Mais tout en tenant compte de ce biais culturel propre à la France, l’analyse des inégalités par les 1% les plus riches a bien sûr des justifications, même pour une lecture contemporaine des inégalités de revenu. Les plus riches ont une visibilité sociale et médiatique qui rend l’opinion très sensible à leur comportement. Ils font partie, pour beaucoup d’entre eux, de l’élite économique de la Nation et sont investis, de ce fait, de responsabilités particulières. Si, comme cela semble avéré depuis quelques années, leurs revenus croissent nettement plus vite que celui du reste de la population, il est compréhensible que cela crée des tensions dans la société, et il est légitime que des chercheurs, des statisticiens mettent à jour les données qui le montrent.

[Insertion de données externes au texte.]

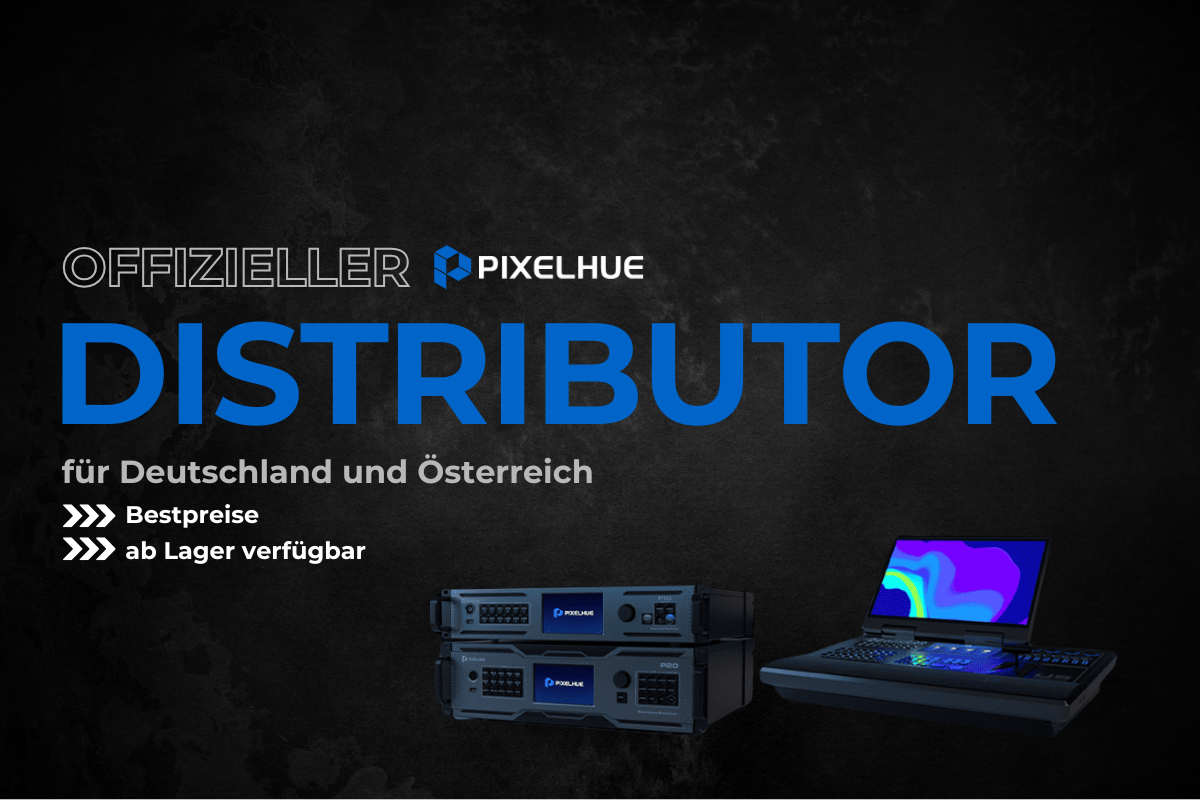 Promotionsgrafik für Pixelhue Hardware mit der Aufschrift "Offizieller Pixelhue Distributor für Deutschland und Österreich"; abgebildet sind moderne Pixelhue Geräte, ein Laptop mit blauem Bildschirm sowie Icons für beste Preise, sofortige Verfügbarkeit und die Möglichkeit, das Produkt zu kaufen oder zu mieten.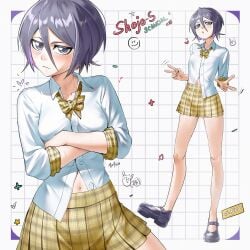 abdomen bleach female female_only kuchiki_rukia navel petite petite_body petite_female school_desk school_uniform schoolgirl skinny small_breasts smaller_female socks waligner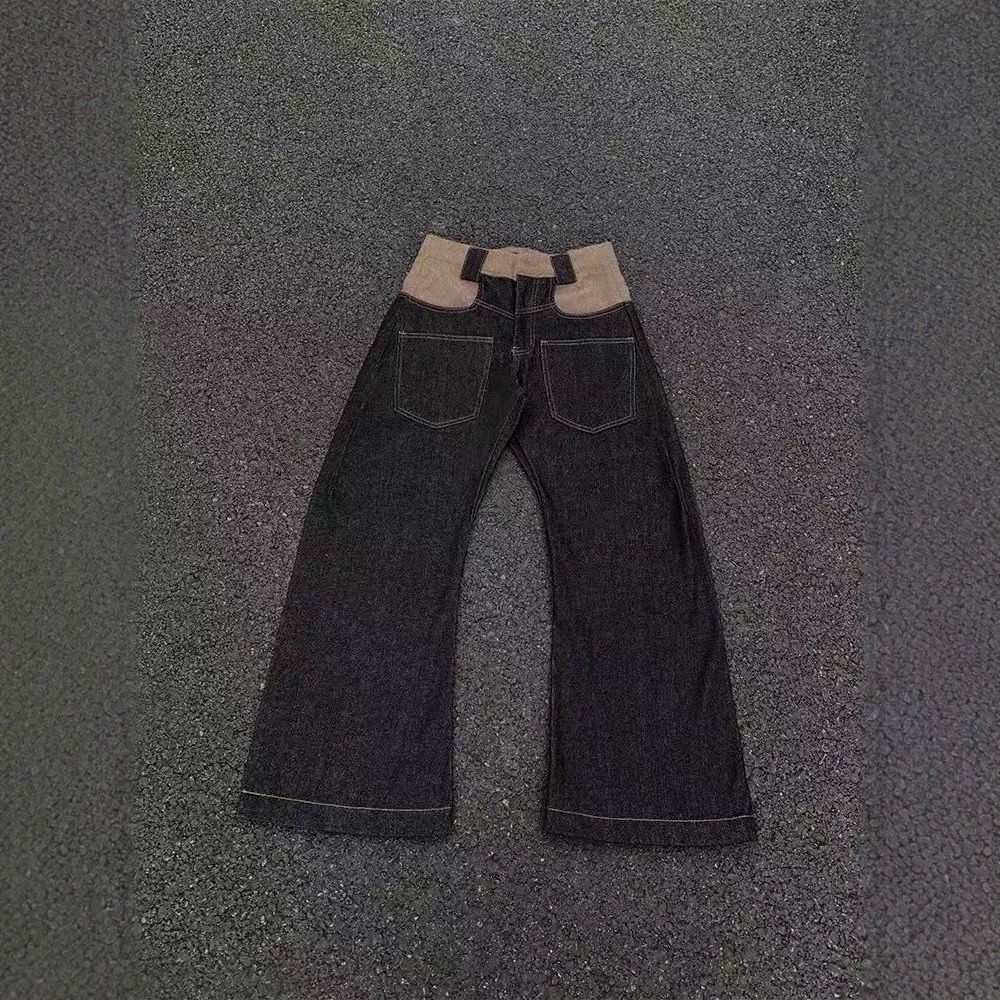 Raw Denim Scarf-Waist Wide-Leg Jeans – Wool-Blend Patchwork & Reverse-Wear Curve Hem (S-XL, 80% Cotton, Distressed Wash)_mkmklike.com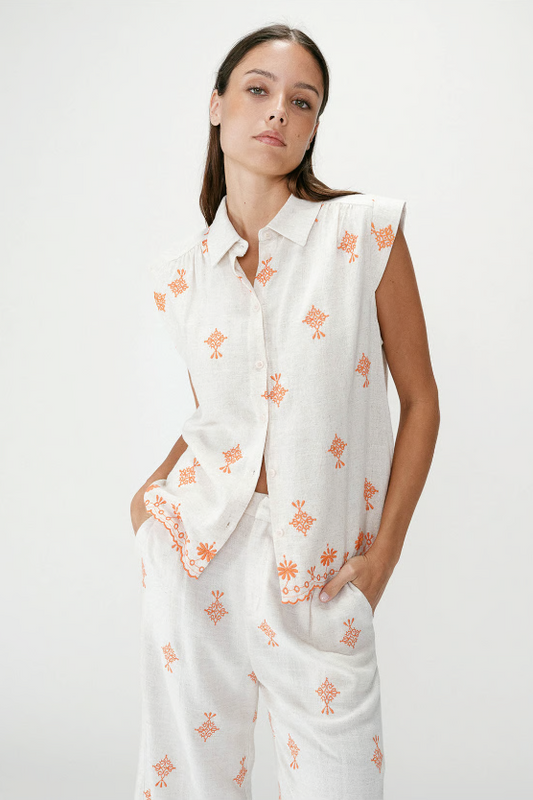 Harmony Orange - Chemise fluide en lin à manches courtes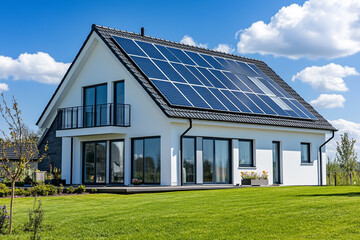 A photo of a modern, two-story white house with solar panels on the roof, black windows and doors, set in the Irish countryside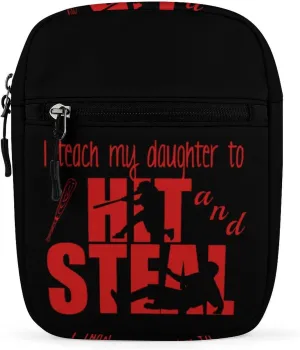 I Teach My Kids to Hit and Steal Casual Crossbody Bags for Women Men Mini Sling Purse Shoulder Messenger Bag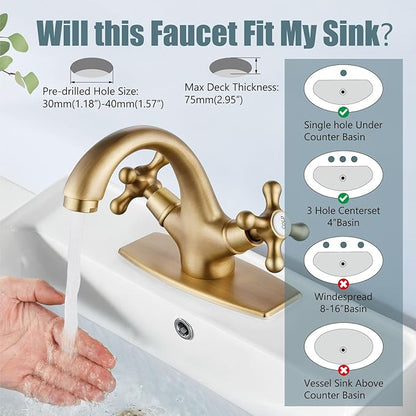 Aolemi Bathroom Sink Faucet Single Hole Cold and Hot Double Handle Cross Knobs Vanity Vessel Sink Basin Mixer Tap with Deck Cover Plate with Pop Up Drain Antique Brass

C’est ce qu’ont fait, par exemple, Bertrand Garbinti et Jonathan Goupille-Lebret en 2019 dans un article de la revue de l’INSEE, Economie et statistique[2]. Les auteurs identifient un retournement de l’évolution des inégalités opposant les hauts revenus aux autres qui se situerait au début des années 1980. Entre 1950 et 1983 les hauts revenus (les 1%) croissaient annuellement moins vite que les revenus moyens (2,3% contre 3,5%) ; à partir de 1983, la tendance s’inverse, les très hauts revenus croissant de 2,2% par an contre 1% pour le reste de la population. Ces tendances confirmées par d’autres travaux semblent assez incontestables.

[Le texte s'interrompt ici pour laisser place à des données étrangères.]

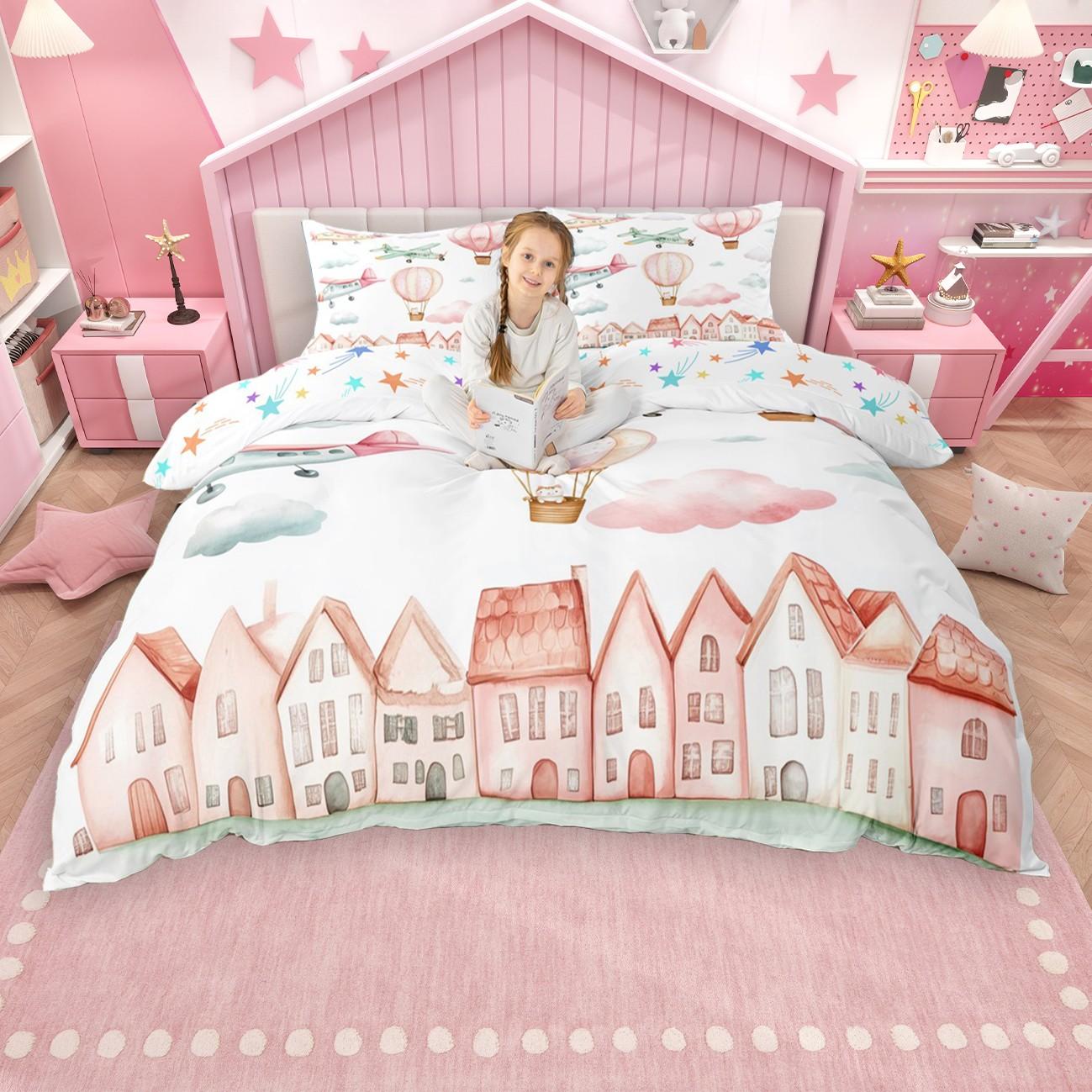 

Comforter Homewish Cartoon Transportation For Boys Watercolor Aircraft Truck Bed Set Tractor Airplane Set Comforter (quilt)-EU Single(135*200cm)3pcs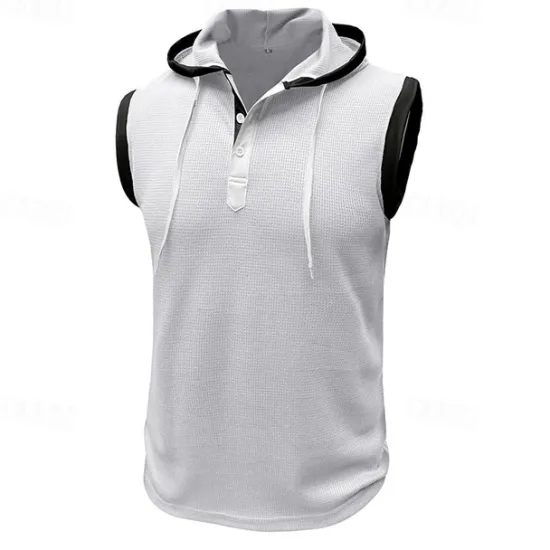 New OUKU Men's Waffle Shirt Tank Top Undershirt Sleeveless Shirt Sleeveless Hooded Summer Plain Fashion Designer Muscle Outdoor Going out Gym Black White Red Top Tee for Men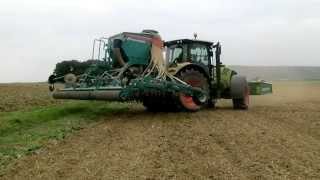 Sulky Kronos 6m  Claas Arion 640  semis de colza 2014 [upl. by Williams]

Mais cette lecture des inégalités qui braque le projecteur sur les super-riches n’est pas la fin de l’histoire, pour deux raisons. D’une part on peut légitimement se demander quel est le niveau et quelle est l’évolution des inégalités parmi les autres 99% des revenus. D’autre part, ces données portent sur le revenu primaire et ne tiennent donc pas compte des impôts et transferts sociaux qui ont, on le sait, un fort effet redistributeur.
Et les 99%?
Il y a en effet quelque chose d’un peu surréaliste à laisser dans l’ombre la question de l’évolution des inégalités dans un groupe qui représente 99% de l’ensemble de la population. Et rien n’assure que l’évolution des inégalités concernant les ultra-riches soit un indicateur fidèle des inégalités qui concernent le reste de la population. Deux graphiques de l’article de Bertrand Garbinti et Jonathan Goupille-Lebret reproduits ci-dessous montrent que la question mérite d’être posée.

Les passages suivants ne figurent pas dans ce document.